• _Data shown_:
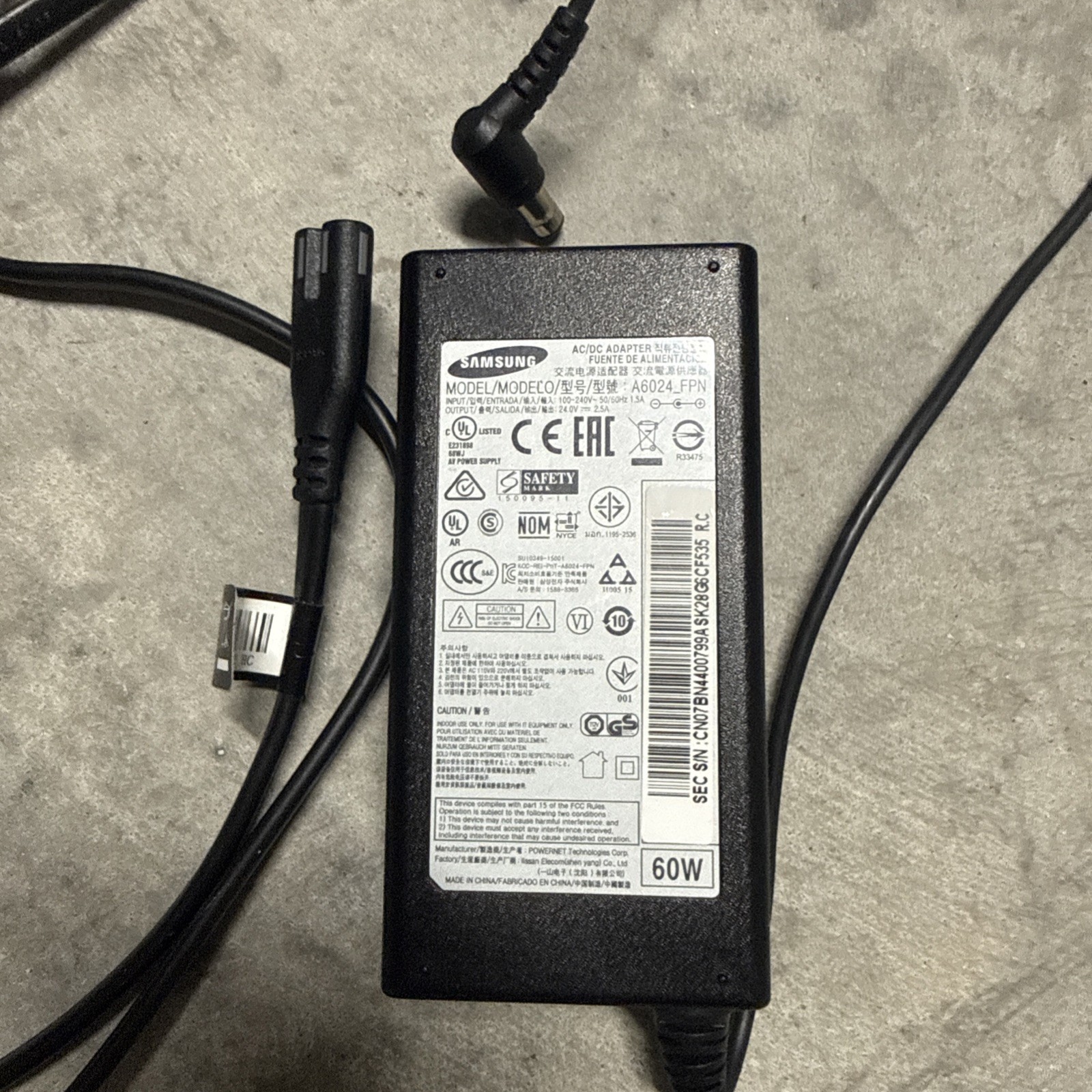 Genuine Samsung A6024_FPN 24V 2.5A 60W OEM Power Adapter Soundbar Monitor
...
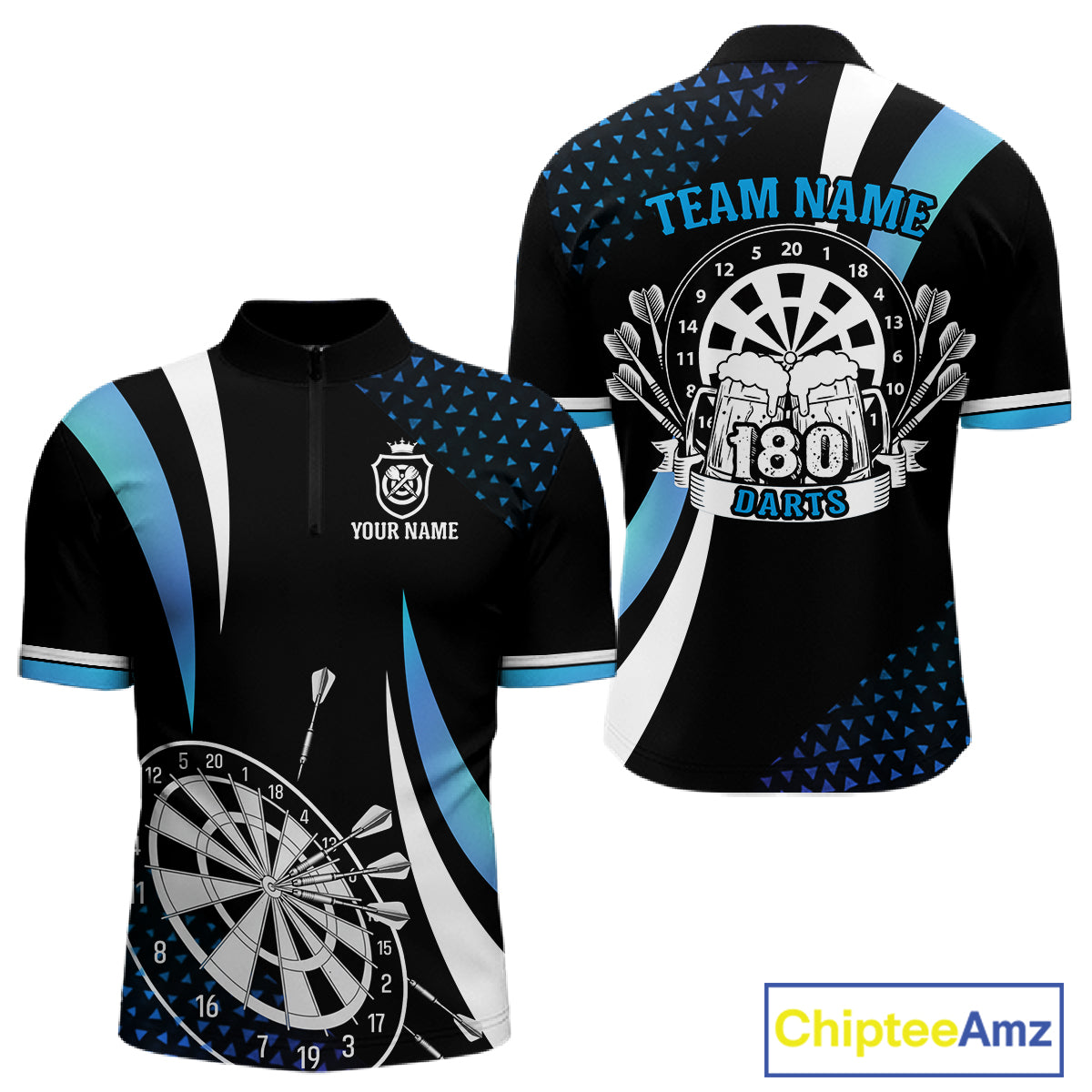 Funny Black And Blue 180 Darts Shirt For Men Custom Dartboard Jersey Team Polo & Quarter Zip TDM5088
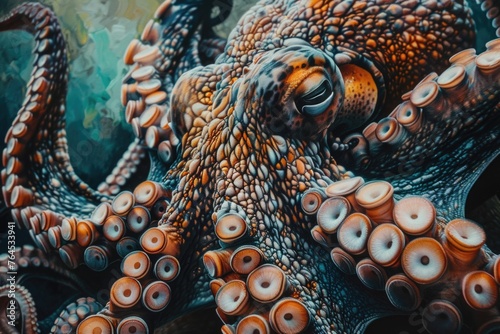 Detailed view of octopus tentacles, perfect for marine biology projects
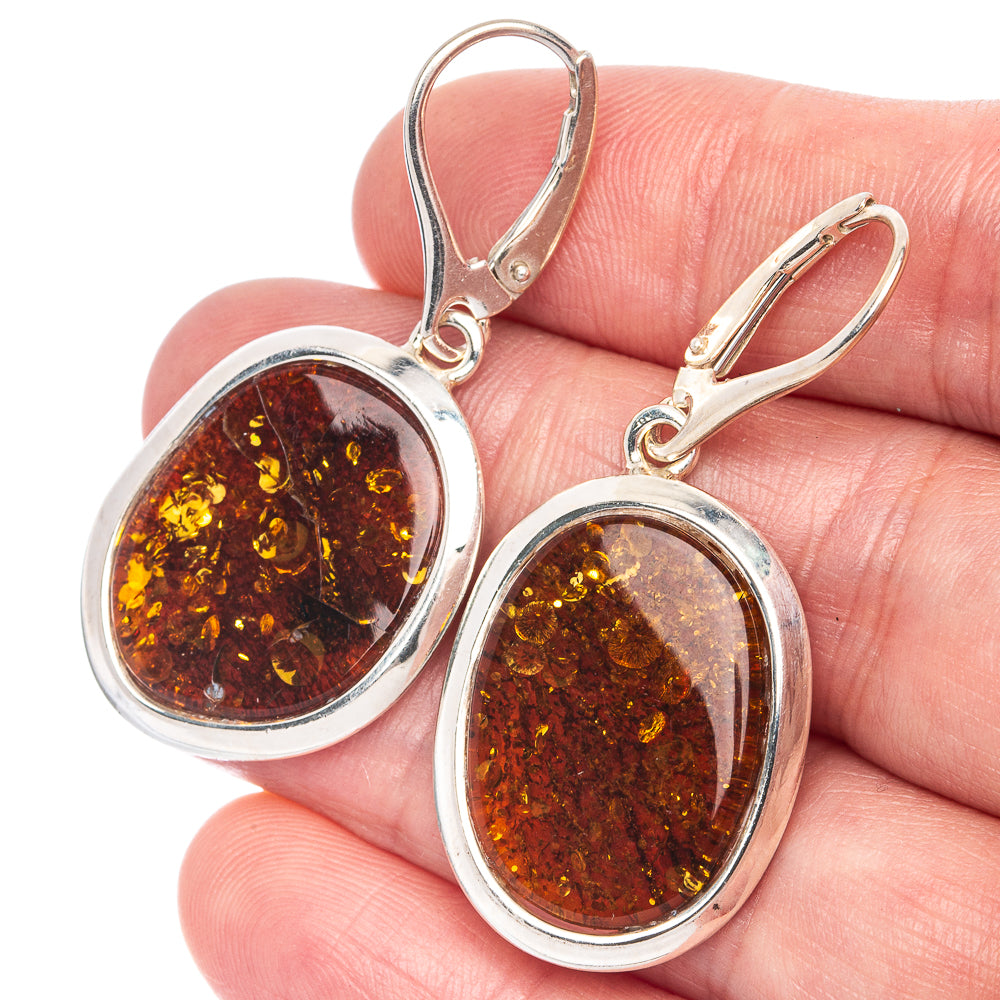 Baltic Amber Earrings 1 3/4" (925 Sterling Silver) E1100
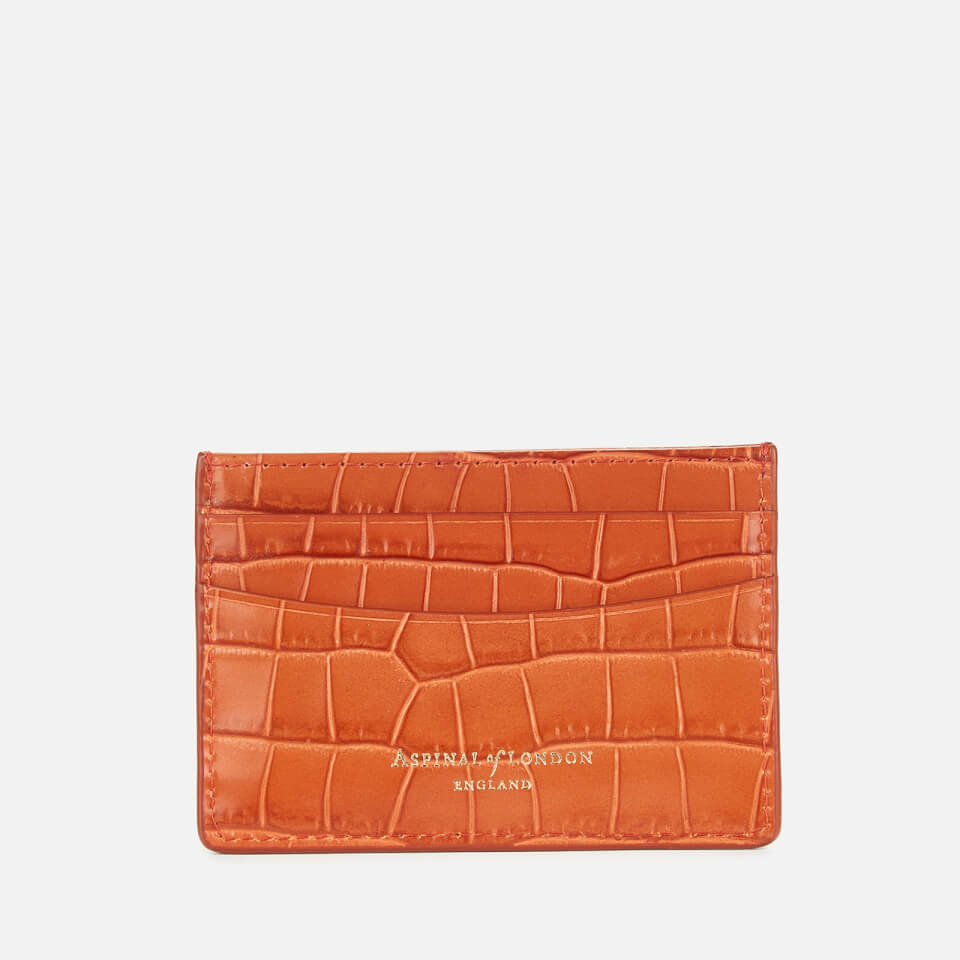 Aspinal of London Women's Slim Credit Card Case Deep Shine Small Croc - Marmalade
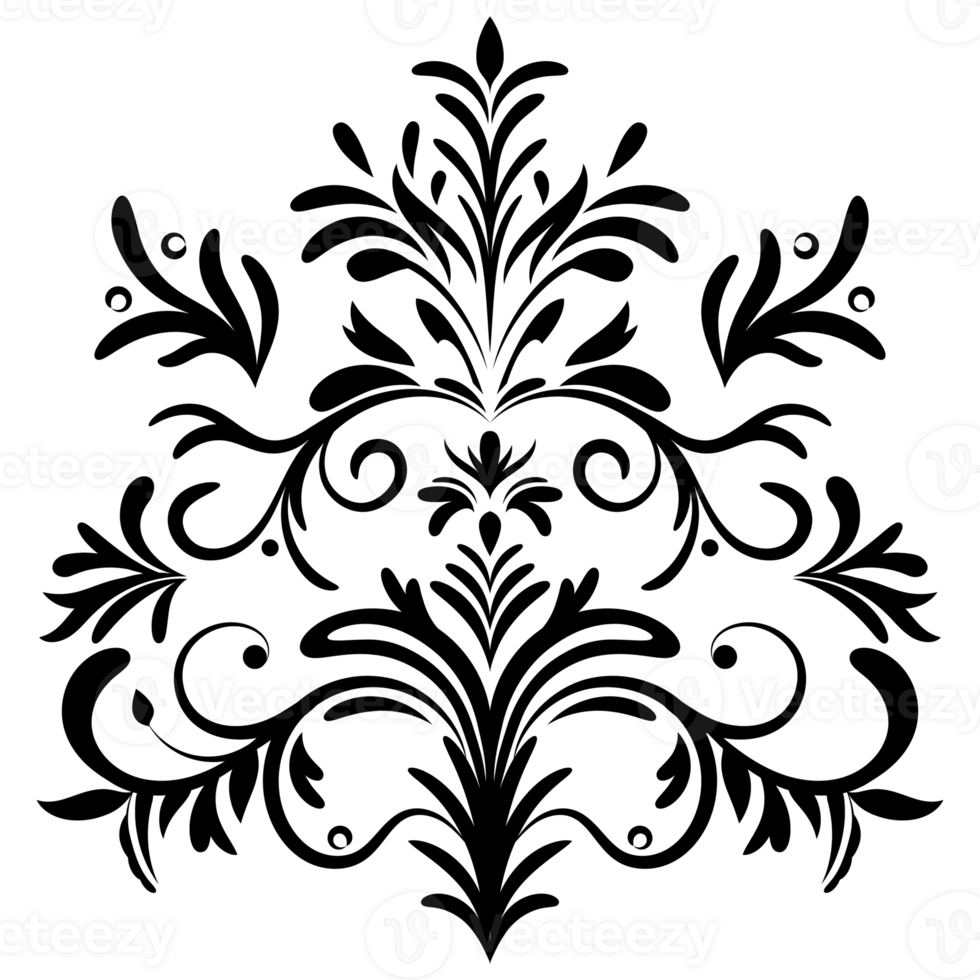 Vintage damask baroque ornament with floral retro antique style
--
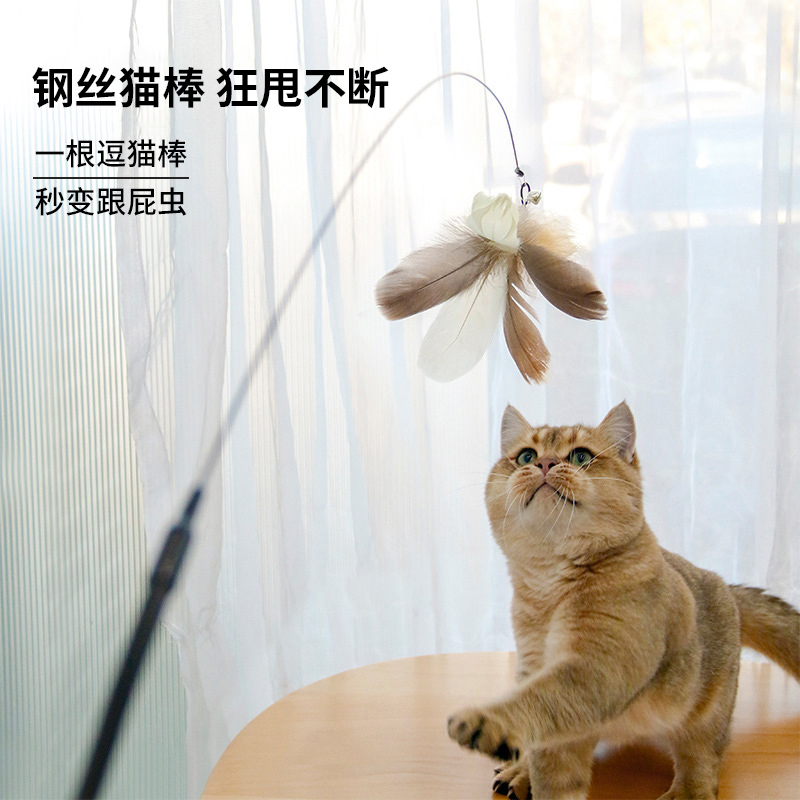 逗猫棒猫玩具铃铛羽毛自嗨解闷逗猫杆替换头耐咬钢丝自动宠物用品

• _Aim of the exercise_:
Extract the part of the records that opens with the line containing "Aspinal of London" and closes with the line containing "Vintage damask baroque". Take only those lines, exactly, and no pictures.

• _Solution to this exercise_:
 Aspinal of London Women's Slim Credit Card Case Deep Shine Small Croc - Marmalade
 Vintage damask baroque ornament with floral retro antique style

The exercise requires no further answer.